Do navio negreiro às catracas

 

O transporte, que deveria servir para aproximar as pessoas, permitir encontros e a apropriação da cidade em que se vive, tem funcionado como um perverso sistema de reprodução e aprofundamento de opressões

Texto / Movimento Passe Livre | Imagem / Ed Akaves DA Press
Não é à toa que dizemos que todo vagão ou ônibus tem muito de navio negreiro.
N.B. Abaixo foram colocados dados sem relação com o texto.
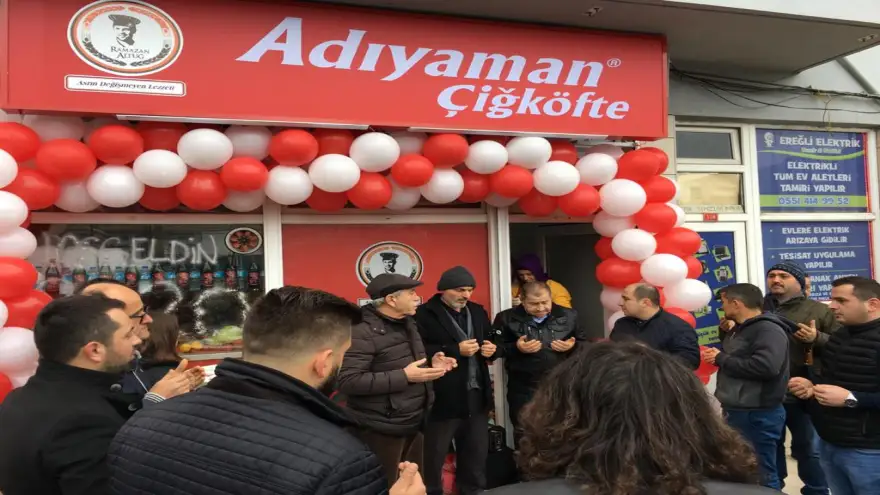 Yeni açılan çiğ köfteci  taleplere yetişemiyor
Na verdade, bem antes dos ônibus, metrôs e trens, o primeiro transporte de massas que tivemos no Brasil foi feito pelos navios que traziam pessoas africanas escravizadas para trabalhar na colônia.

As condições violentas em que eram trazidas mostram que eram vistas como simples mercadorias: quanto mais gente pudesse ser espremida no navio, maiores os rendimentos para os traficantes de escravos.

Hoje, a maior parte das pessoas que dependem do transporte coletivo pra ir e voltar do trabalho são negras ou não-brancas, mulheres e periféricas. E as condições em que essas viagens acontecem são extremamente precárias. O custo da tarifa, as grandes distâncias, o longo tempo perdido, a lotação, as baldeações, a falta de manutenção dos veículos e trens, a falta de linhas de ônibus... tudo isso são consequências de um transporte que não trata os usuários como pessoas, mas como números.

Isso revela que são impostas condições diferentes de mobilidade e acesso à cidade aos diferentes corpos. Além de serem alvos de muitas agressões no cotidiano, os corpos negros e femininos são os que mais sofrem com a falta de um transporte público de qualidade e com os aumentos de tarifa, cada vez mais absurdos.

As catracas e toda as formas violentas que os donos do poder usam para defendê-las são símbolos de um modelo de transporte genocida, racista e machista, que há 500 anos tenta aprisionar e controlar corpos.

Nesse modelo, os lucros e ganhos políticos ligados ao transporte ficam para uma minoria de homens brancos e ricos, às custas da maioria composta por pessoas negras, periféricas e mulheres. O transporte, que deveria servir para aproximar as pessoas, permitir encontros e a apropriação da cidade em que se vive, tem funcionado como um perverso sistema de reprodução e aprofundamento de opressões.

Mas esses 500 anos também são marcados por uma história de muita resistência. Diversas revoltas, protestos e desobediências cotidianas foram e são realizadas para quebrar as catracas do machismo e do racismo. E isso continuará até que todos os corpos possam ocupar toda a cidade e circular livremente por ela!